Le privilège parlementaire / Droits de la Chambre
Outrage à la Chambre : fin du financement de la Commission du droit du Canada
Débats, p. 4014-4015
Contexte
Le 3 octobre 2006, Joe Comartin (Windsor–Tecumseh) soulève la question de privilège pour s’opposer à la décision du gouvernement d’éliminer tout le financement destiné à la Commission du droit du Canada. M. Comartin prétend que cette décision porte atteinte aux privilèges collectifs de la Chambre, puisqu’elle se traduira dans les faits par la dissolution de la Commission du droit, ce que seul le Parlement est habilité à faire, par la révocation de la Loi sur la Commission du droit du Canada. Rob Nicholson (leader du gouvernement à la Chambre des communes) fait valoir que le gouvernement a agi dans les règles et qu’il n’est nullement tenu de dépenser de l’argent dans les domaines où il a décidé de ne pas investir.
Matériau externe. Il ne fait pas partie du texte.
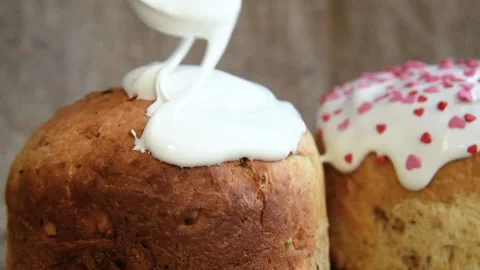 Decoration of the Easter cake with icing sugar and colored powder on the Stock-Footage 149870374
Après avoir entendu d’autres députés, le Président prend la question en délibéré[1].
Résolution
Le Président rend sa décision le 19 octobre 2006. Pour ce qui est de déterminer si le geste du gouvernement respecte les dispositions législatives portant sur la Commission du droit, le Président déclare qu’il n’a pas le pouvoir de statuer sur des questions de droit. Pour ce qui est de déterminer si l’élimination du financement destiné à la Commission du droit constitue une atteinte aux privilèges de la Chambre, le Président conclut qu’aucun des droits collectifs de la Chambre n’a été violé. Il souligne également qu’il relève de la prérogative du gouvernement de gérer les fonds publics et statue que le geste du gouvernement ne porte pas atteinte à l’autorité et à la dignité du Parlement, puisque la Chambre conserve son rôle de surveillance des dépenses publiques par l’entremise de ses comités permanents.
Décision de la présidence
Le Président : Je suis maintenant prêt à rendre ma décision sur la question de privilège soulevée le 3 octobre 2006, par le député de Windsor–Tecumseh au sujet de l’élimination du financement de la Commission du droit du Canada.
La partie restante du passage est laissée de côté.